The use of such controlling structures was widespread in Italianate experimental prose fictions: one could cite the storytelling games which unite Chaucer’s group of pilgrims, or Boccaccio’s and Marguerite de Navarre’s parties of nobles. In the same spirit, Gascoigne peoples A Hundreth with plausible figures from the nascent world of literary publishing—H.W. as the publisher, G.T. as an aspiring editor and narrator, and F.J. and his circle of friends (‘sundrie gentlemen’, as well as ‘George Gascoigne’) as the group of young writers whose work he publishes without their consent. This extended fiction was so successful, and so original, that Master F.J. seems to have been read as though it were actually factual and autobiographical. Gascoigne himself mocks (and denies) such credulous readings in the revised edition, whilst conspicuously failing to quash speculation—and even, to some extent, provoking more (the most likely authorial representation is Bartello, a fictional Italian author to whom the tale is ascribed in the revised edition, as we shall see). Later generations, too, have devised a remarkable range of possible biographical readings.14 The entire ‘Discourse’ is so dense with literary devices and figures, both familiar and entirely new in 1572/3, that it could almost be an exercise in literary inventiveness. It takes its gossipy narrator and framing fiction (the literary circle) from the Italianate novelle; its inset prose narratives are from romance, while the story of F.J.’s Suspicion is a translation of Ariosto’s tale of Sospetto; and Pergo’s exchange of stories is taken from courtly love, as is much of the situation of F.J. and Elinor’s affair. But it is easy to see why, when Gascoigne blurs the boundaries between fiction and reality so thoroughly, so many critics have suspected that the tale had some basis in real events.
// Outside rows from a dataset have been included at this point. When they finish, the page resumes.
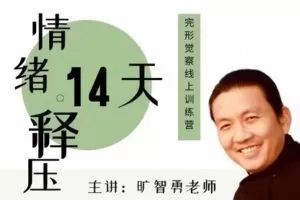 【99[红包]·S4109情绪释压14天——完形觉察线上训练营】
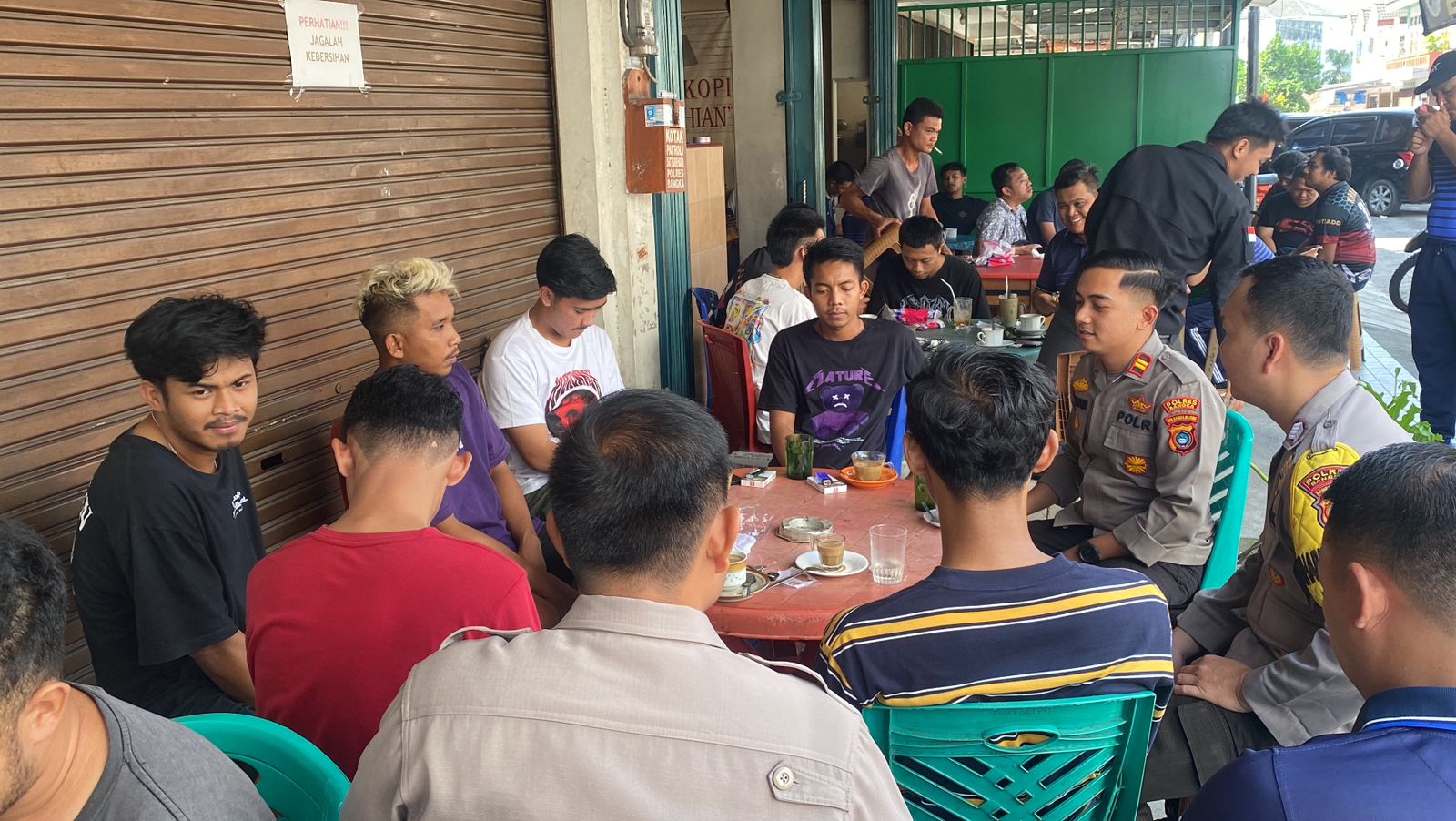 Penangkapan LA Pelaku Jambret, Jadi Perbincangan Hangat Saat Jum'at Curhat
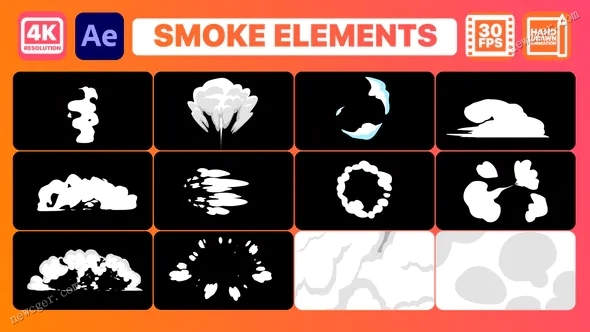 烟雾元素和标题AE模板.jpg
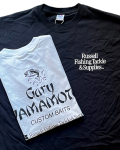 Russell×Gary YAMAMOTO (ラッセル アスレチックxゲーリーヤマモト) GARY BACK LOGO HEAVY COTTON JERSEY S/S TEE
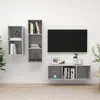 Image de Ensemble de meuble TV 3 pcs Gris béton Bois d ingénierie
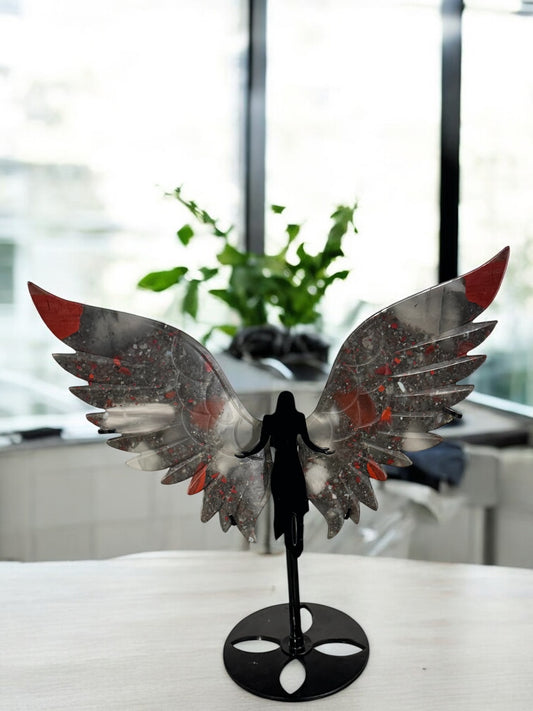 Bloodstone Angel Wings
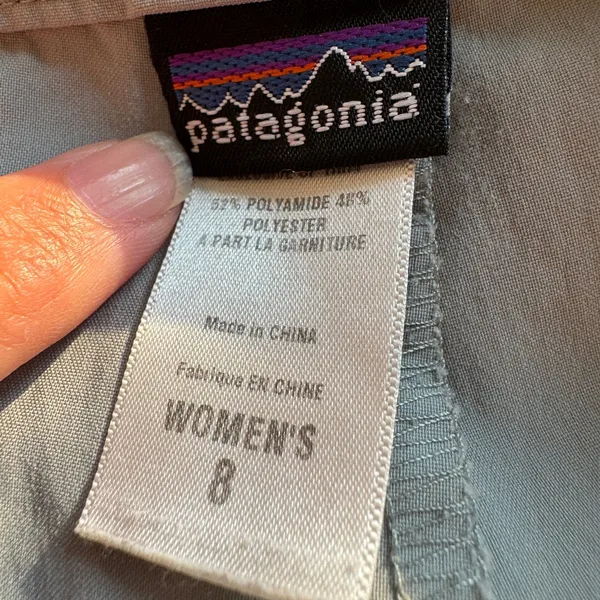 PATAGONIA Women's Size 8 Skort Skirt Mini Nylon Outdoors‎ Gray Pockets - Image 4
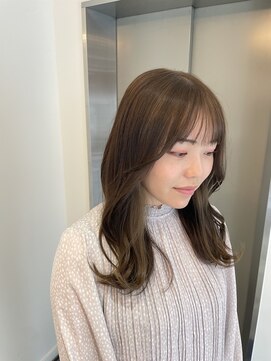 アヴァンスアンス 広島袋町店(AVANCE.ens) イヤリングカラーベージュ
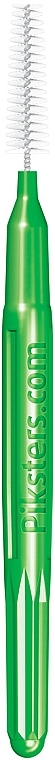 Interdental Brush, Size 6, Green, Pack of 10 - Pixsters Interdental Brushes Green Size 6 — photo N3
When Gascoigne returned to England in 1574/5, it seems that he was embarrassed by the state of his first published book and perhaps by some of the conjectures which surrounded it. The entire volume, including a revised version of Master F.J., was published in a revised and extended edition under Gascoigne’s own name as his Posies (1575). It is in this volume that Gascoigne first fully developed the persona of the ‘Reformed Prodigal’, although he had used it much earlier, during his days at Gray’s Inn.15 Nonetheless, it is in the Posies that Gascoigne first adopted a unified authorial persona, complementing it with what would become his invariable motto in works which bore his name: ‘Tam Marti, quam Mercurio’ [‘As much for Mars as for Mercury’], which identified him as a soldier-poet, like Turberville, Churchyard, Googe, and Riche.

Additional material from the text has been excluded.